* **WHAT IS REQUIRED**
Your reply must contain the full listing below, reproduced exactly, but no pictures.

* **DATA FOR REVIEW**
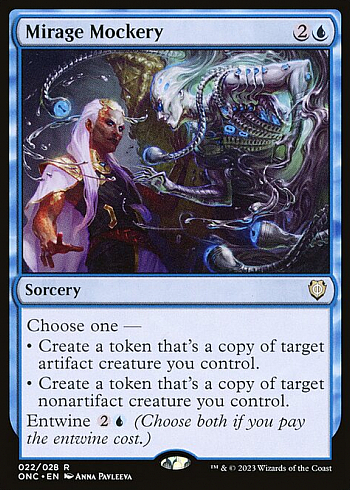 Mirage Mockery
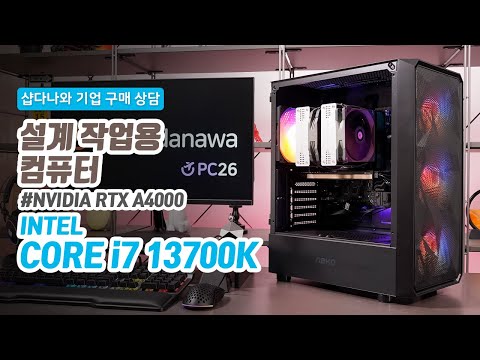 ASRock B660M Pro RS/D5 ������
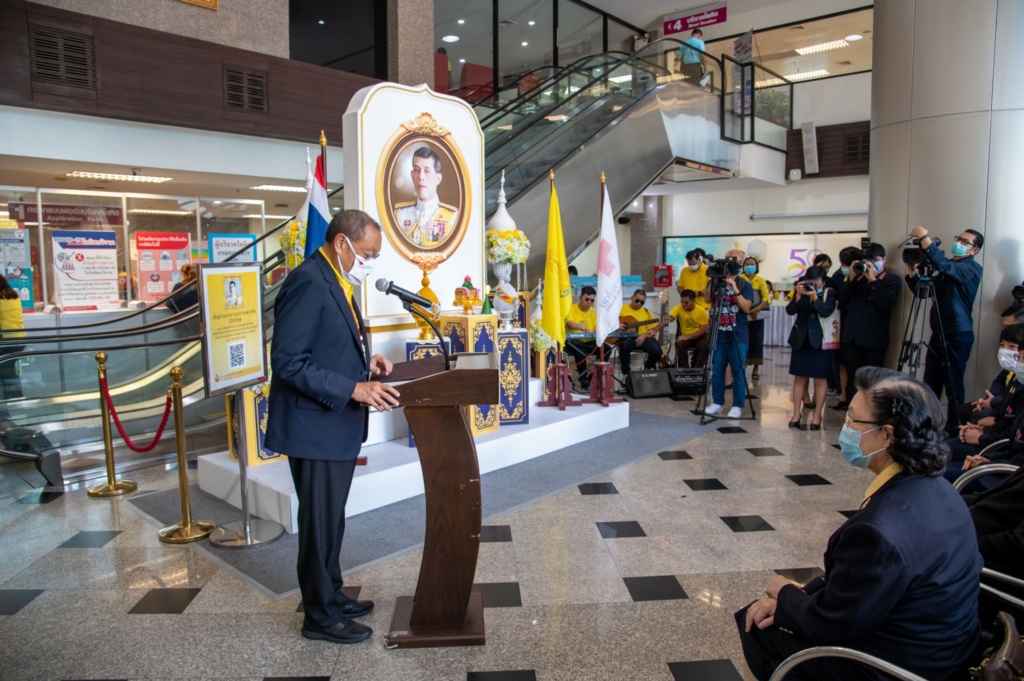 ปิดตา เปิดใจ ให้โลหิต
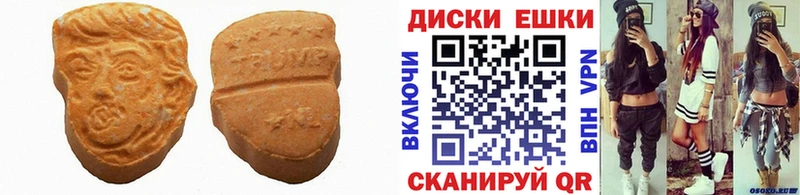 где купить   Жуковка  Ecstasy круглые 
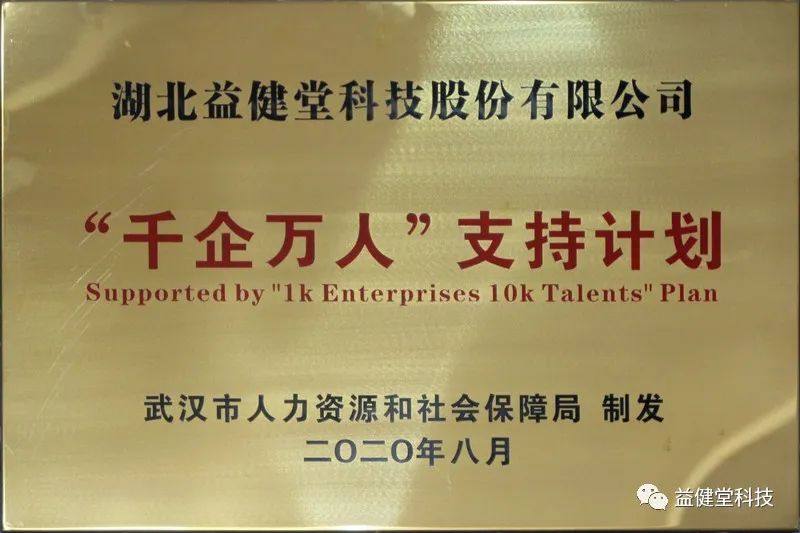 1645599209122649.jpg 微信图片_20220223145135.jpg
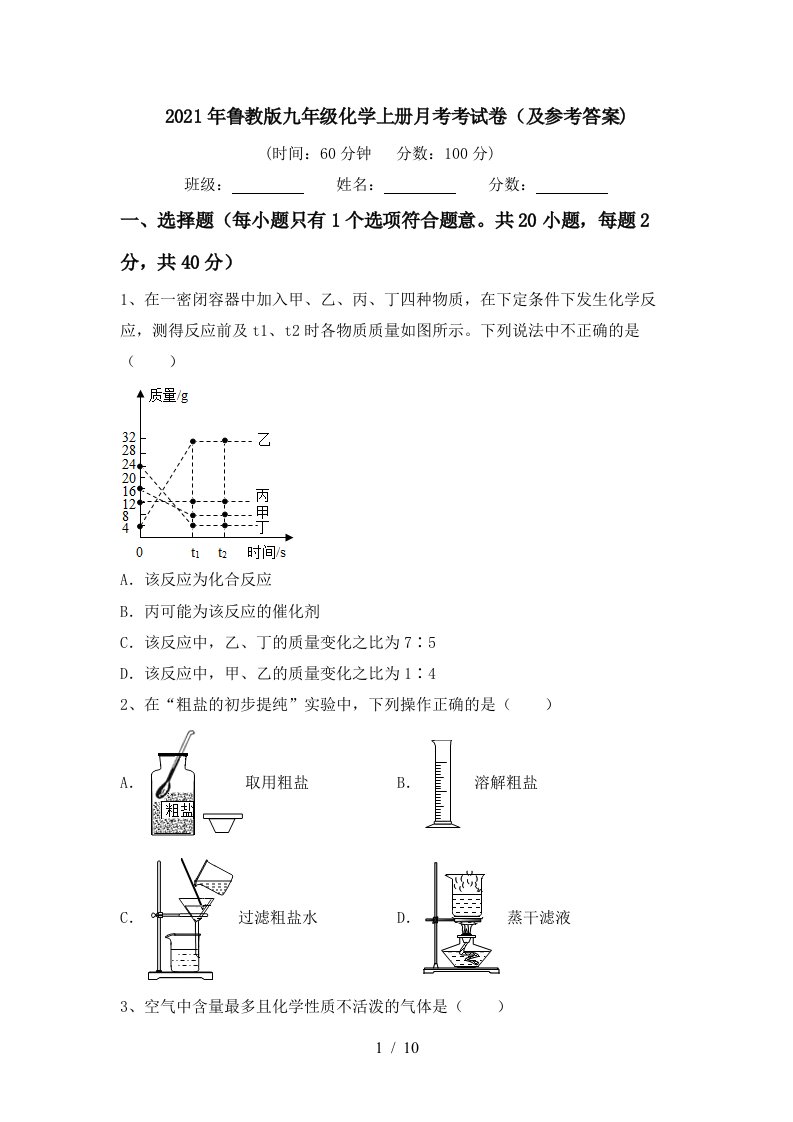 2021年鲁教版九年级化学上册月考考试卷及参考答案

* **ANSWER AREA**
 Mirage Mockery
 ASRock B660M Pro RS/D5 ������
 ปิดตา เปิดใจ ให้โลหิต
 где купить   Жуковка  Ecstasy круглые 
 1645599209122649.jpg 微信图片_20220223145135.jpg
 2021年鲁教版九年级化学上册月考考试卷及参考答案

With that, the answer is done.